This work addresses the inefficiency of existing video understanding methods in processing long videos, their reliance on handcrafted pipelines, and their inability to support query-driven adaptive comprehension. To overcome these limitations, the authors propose EVA, an end-to-end video agent that introduces, for the first time, a planning-first iterative reasoning framework following a “summarize–plan–act–reflect” cycle, enabling autonomous decisions on what to watch, when, and how. EVA is trained via a three-stage paradigm—supervised fine-tuning (SFT), Kahneman-Tversky optimization (KTO), and generalized reward policy optimization (GRPO)—leveraging high-quality multi-stage data. Evaluated across six video understanding benchmarks, EVA substantially outperforms general-purpose multimodal large language models by 6–12% and further advances state-of-the-art adaptive agent approaches by an additional 1–3%.
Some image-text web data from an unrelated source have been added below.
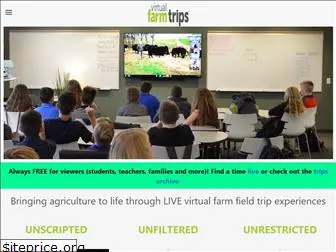 virtualfarmtrips.com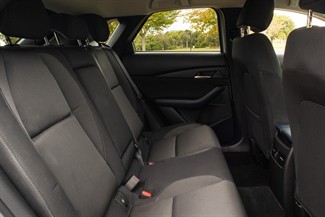 2020 Mazda Cx-30 - Thumbnail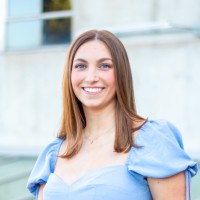 Anna Graber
Video understanding with multimodal large language models (MLLMs) remains challenging due to the long token sequences of videos, which contain extensive temporal dependencies and redundant frames. Existing approaches typically treat MLLMs as passive recognizers, processing entire videos or uniformly sampled frames without adaptive reasoning. Recent agent-based methods introduce external tools, yet still depend on manually designed workflows and perception-first strategies, resulting in inefficiency on long videos. We present EVA, an Efficient Reinforcement Learning framework for End-to-End Video Agent, which enables planning-before-perception through iterative summary-plan-action-reflection reasoning. EVA autonomously decides what to watch, when to watch, and how to watch, achieving query-driven and efficient video understanding. To train such agents, we design a simple yet effective three-stage learning pipeline - comprising supervised fine-tuning (SFT), Kahneman-Tversky Optimization (KTO), and Generalized Reward Policy Optimization (GRPO) - that bridges supervised imitation and reinforcement learning. We further construct high-quality datasets for each stage, supporting stable and reproducible training. We evaluate EVA on six video understanding benchmarks, demonstrating its comprehensive capabilities. Compared with existing baselines, EVA achieves a substantial improvement of 6-12% over general MLLM baselines and a further 1-3% gain over prior adaptive agent methods. Our code and model are available at https://github.com/wangruohui/EfficientVideoAgent.